When looking to the research done in international politics surrounding sanctions, different views have been presented. Lektzian and Regan (2016) have argued that sanctions in isolation are ineffective and that decision-makers should opt to combine it with military intervention. Contrarily to this, Bolks and Al-Sowayel (2000) argue that military intervention is too costly and that sanctions are, for that reason, a preferred and effective option. In the end we are left asking what factors dictate effectiveness of sanctions? When researching this topic, different factors such as regime type and economic dependency were examined. The difference between a democratic and authoritarian regime is the manner in which the harm of sanctions results in political liability. Due to its political structure, the regime type of the target can serve as a predictive indicator as to how the sanctions will be interpreted. In democratic regimes, the political liability involves weighed heavily on the government’s leadership, with the fear of being removed from office. Conversely, in authoritarian regimes, there is not a real concern with political liability, neither are there competitive positions, nor a fear of being removed from office. Past cases such as Iraq have proven that nuclear proliferation is a challenging area for the application of sanctions. It has also showed that the target’s regime type and economy are interrelated factors. It is argued that sanctions can affect the wealth of the target to the extent that its regime is forced to change its foreign policy behaviour. As Galtung (1967) states, the target will be more vulnerable towards the imposed sanctions once its economy is contingent on one product and once this exportation of the product and importation of others depends on only one trade-partner. In the case of imposing sanctions on Iran, the country’s economy and large oil reserves are an essential factor in determining the effectiveness of sanctions. Imposing sanctions will bring economic risks on a domestic and international level. The fact that Iran is an important exporter of oil makes it difficult for senders who rely on this commodity to impose sanctions on Iran due to its economic dependency and creating a major impact on the effectiveness and willingness to implement.

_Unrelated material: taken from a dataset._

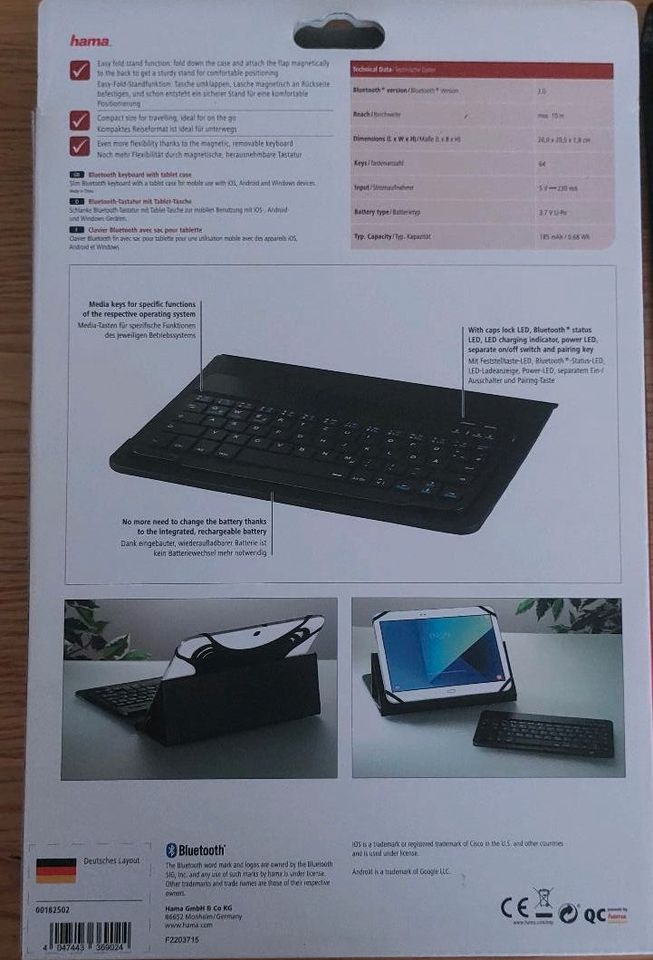 Bluetooth Keyboard with Bag in Lehre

Taking into account Iran’s authoritarian regime, its economic dependency and continuation of exporting oil to the senders, it is clear that the sanctions imposed by the United Nations in the period of 2006-2010 did not pressure Iran in changing its policy. As some studies have indicated, Iran’s nuclear policy could be referred as an elite consensus in which the government was able to continue with its policies because it did not fear removal. This period of time and its circumstances exemplify the idea that for sanctions to be effective either the central government or the ones whose support is crucial for the regime to remain in power should be targeted. In this case, the public was mostly affected rather than the regime. For this reason, the imposed sanctions by the European Union and the United States in the period of 2011-2012 proved to be a different story altogether, by Iran demonstrating to be vulnerable towards the imposed sanctions. Although it did also not achieve its goal in making Iran halt its nuclear activities, it did create a bigger impact on its regime.

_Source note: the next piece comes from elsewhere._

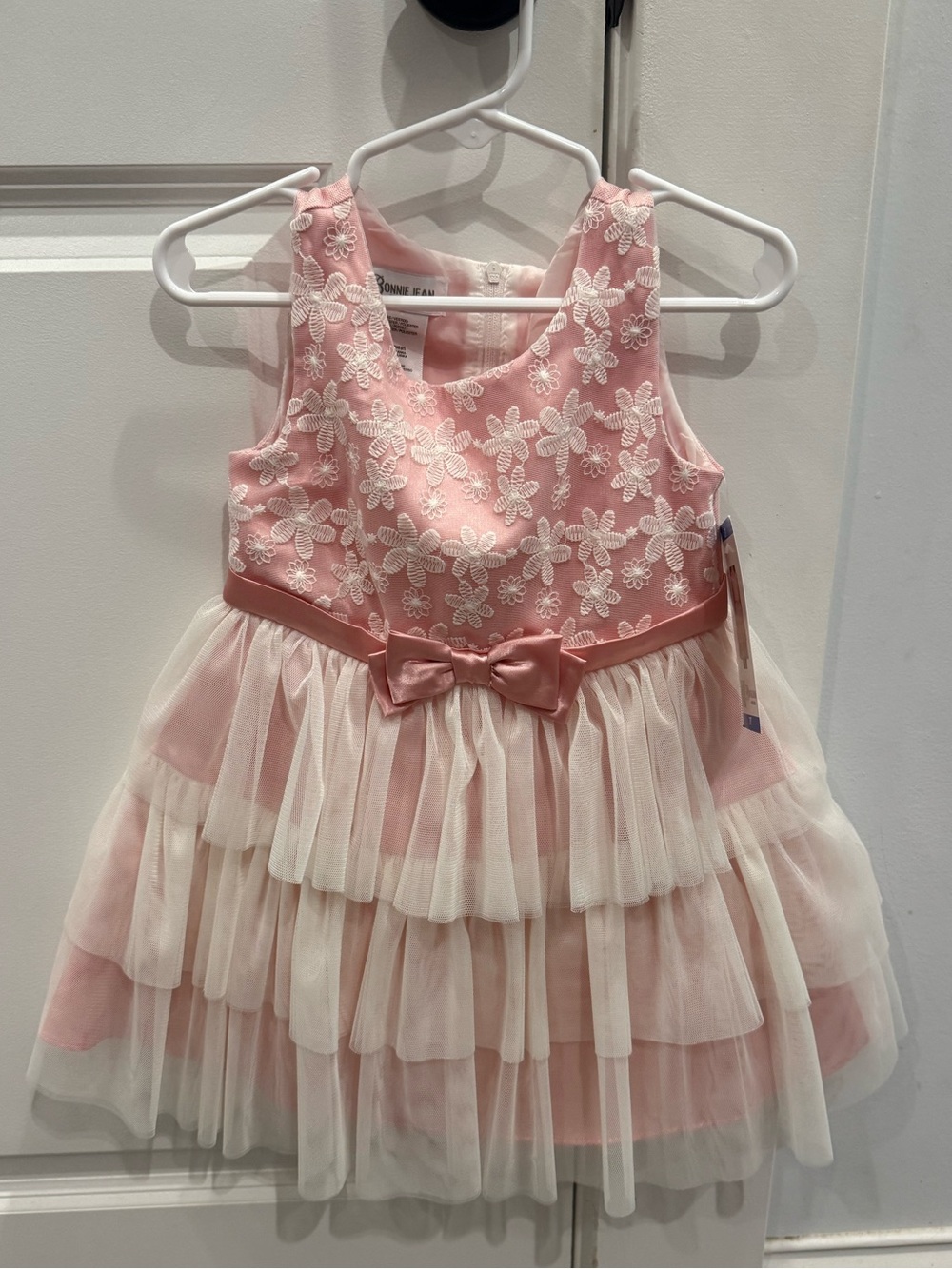 Bonnie Jean Dusty Pink & Cream Floral Tulle Party Dress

Concerning the most recent imposed sanctions on Iran, the country warned the international community that it would ignore the enrichment limits of 3.67 percent and maximum of 300 kilograms on low-enriched uranium and, thus, rejects the Iran Nuclear Deal’s agreement. The question remains: will sanctions work? The target does determine the effectiveness of sanctions as seen with the UN sanctions on Iran in the period of 2006-2010, however, so did the sender of imposed sanctions on Iran, verifiable in the period of 2011-2012. In the most recent case, it is noticeable that the United States has a crucial influence on Iran and its policy, however, uncertainty is even more noticeable when considering Iran’s plans for the future. The political and controversial approach towards the effectiveness of sanctions still remains pertinent in international politics. However, what is certain is that, with the current situation between Iran and the United States, sanctions should be reconsidered and the window of diplomacy must be reopened.